During the call Bartz told listeners that she did not take the position as Yahoo's head with preconceived notions of selling or breaking up the company. Nor did she say explicitly whether she was considering a search deal with Microsoft Corp. (Nasdaq: MSFT).

Immediate speculation when Bartz was placed at the helm was that she'd get the proverbial ball rolling with Microsoft again on a search deal -- often deemed by the populace a saving grace for both companies. But one former Yahoo employee believes it's more likely Bartz was brought in as a much-needed technology expert.

"My immediate thought is Yahoo really needs a tech person," says Hongche Liu, former architect at Yahoo. "I think Yahoo had been lacking a tech person, and I believe hiring a tech person is the right thing."

Liu, currently the chief information architect at Spock, left Yahoo after six years, in 2005, as Yahoo began to witness hard times, due in part to Google (Nasdaq: GOOG)'s rise. Liu laments Yahoo's unwillingness to take the necessary steps to compete with Google as the reason it fell behind technology-wise.

"A company's mistakes can only be manifested from competition," says Liu. "I was in the optimization field. I know there were a lot of things that could be done, and the company -- you could say management or you could say culture -- was just not quick enough to respond to the need of changing paradigms and market conditions and competition.

"In order for this kind of company to succeed you need three elements: traffic, market, and technology. Yahoo has good traffic. After buying Overture, Yahoo has a good market... What Yahoo lacked and where it fell behind Google was technology."

But technology is just one of Yahoo's problems, says Liu, who believes the chief problem is that Yahoo has yet to figure out what sort of company it should be.

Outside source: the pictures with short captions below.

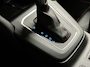 Ford Focus Wagon 1.0 EcoBoost Hybrid ST Line X CAMERA CARPLAY NAVI VIRTUAL CRUISE.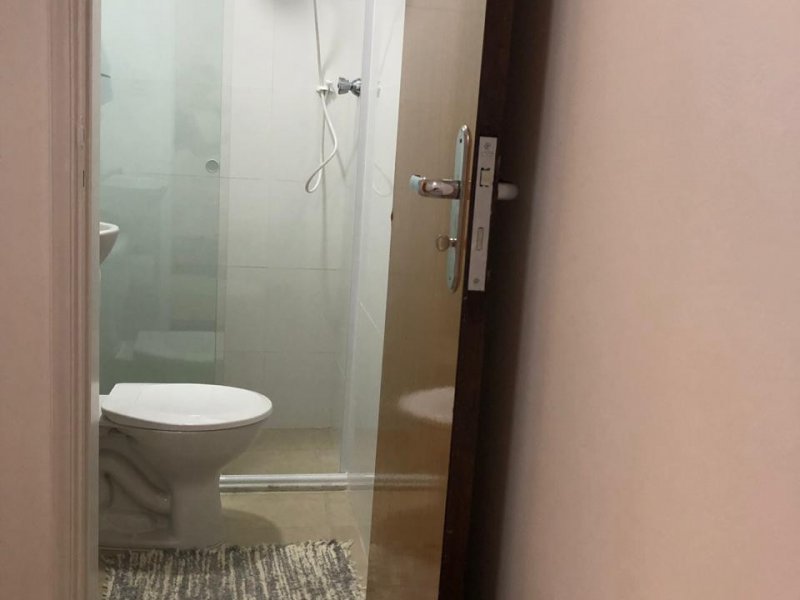 Apartamento à venda Centro com 98m² e 2 quartos por R$ 480.000 - 1681016241-50a3e0f1-a1c2-4b38-a556-27113e033d04.jpeg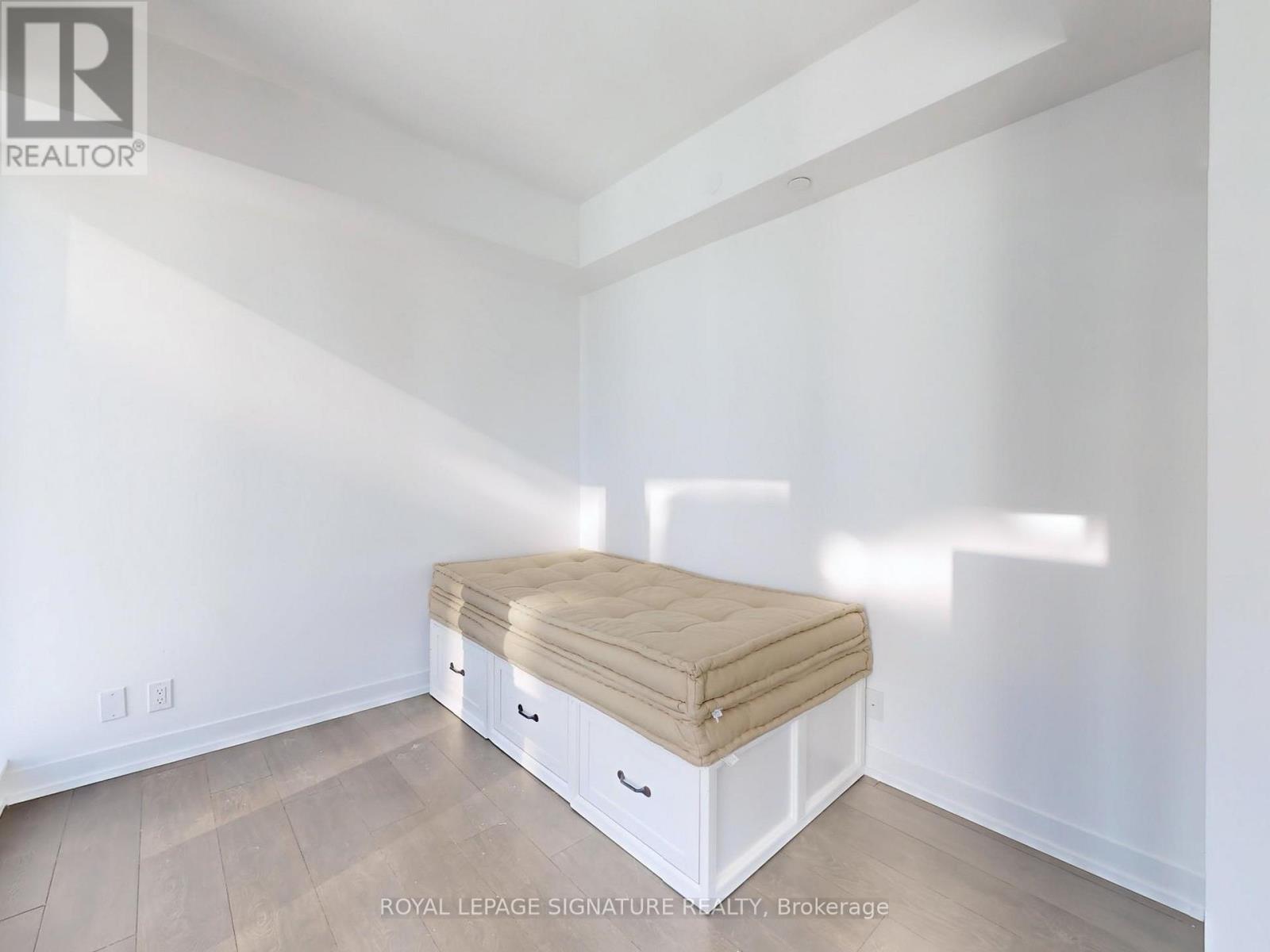 4805 - 55 Mercer Street, Toronto, Ontario  M5V 0W4 - Photo 11 - C14085726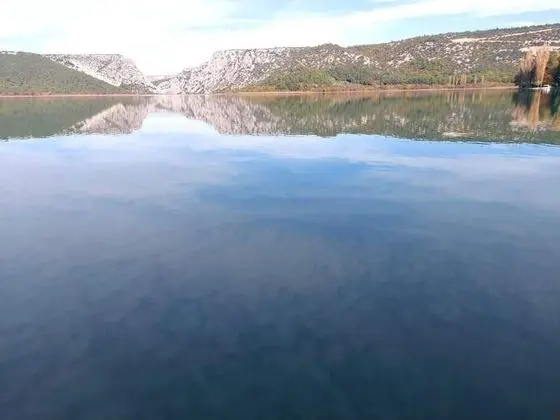 Apart Daire, Birden Çok Yatak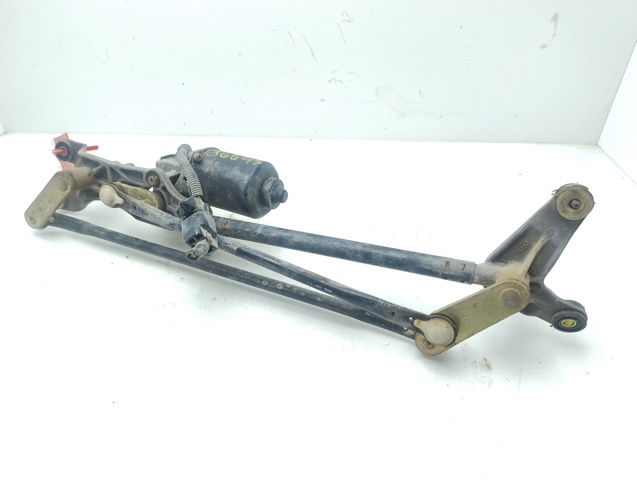 981003E100 Motor limpiaparabrisas  en stock Sabadell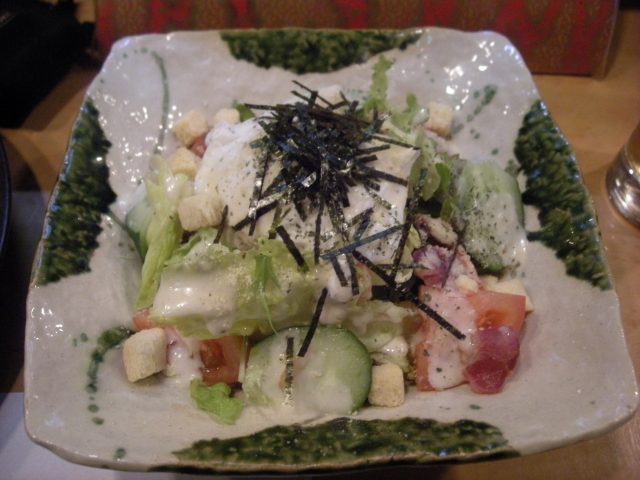 f:id:ksagi:20220104161349j:plain
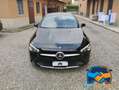 Mercedes-Benz CLA 200 d Automatic Shooting Brake SportTAGLIANDI MERCEDES Noir - thumbnail 2
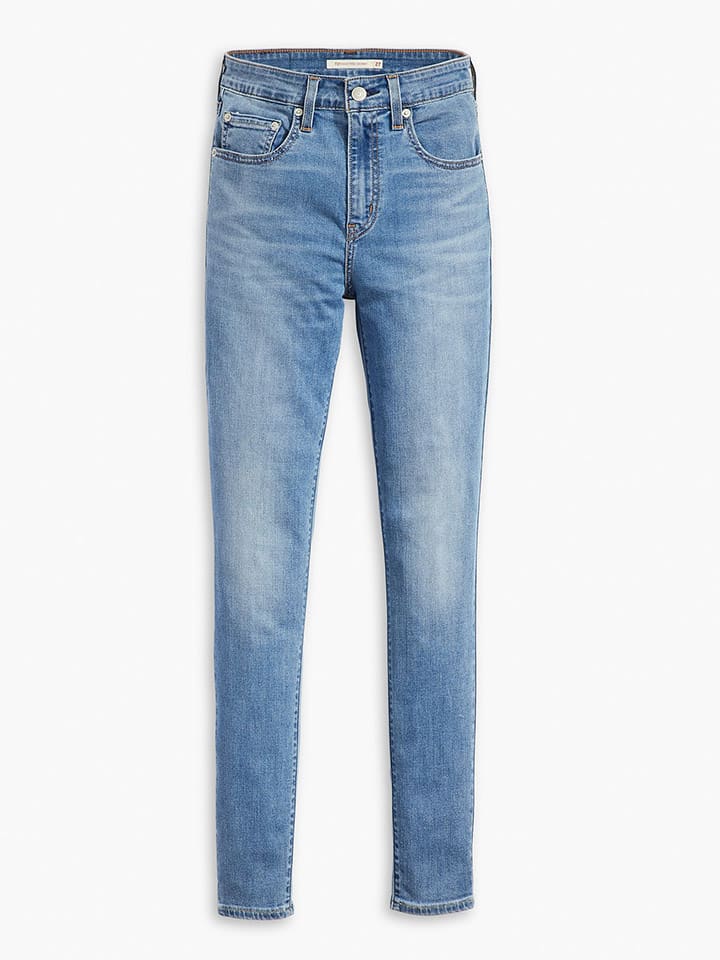 Levi´s Jeans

"Its first problem is identity. Its second problem is, anywhere they focus they're falling behind in terms of technology," says Liu. "They're in Silicon Valley and all these startups are eating their lunch. They just keep buying. They just forgot about innovation. They just keep buying small companies. Maybe that's the strategy, but they probably didn't buy good enough companies."

From here, says Liu, Bartz needs to first help define Yahoo as either a search company or a media company, something she recognized during her first meeting with employees.

But while employees (or, "yahoos," in Yang Slang) seem to like Bartz, says Liu, the mood at Yahoo has been less than elevated.

"The feeling is not great. Some of them, most of them actually, feel they have a lot of ideas, a lot of energies, but the organization is dragging them." For those employees who aren't laid off, he says, a retention bonus in the form of a stock grant is offered, which is keeping some from walking.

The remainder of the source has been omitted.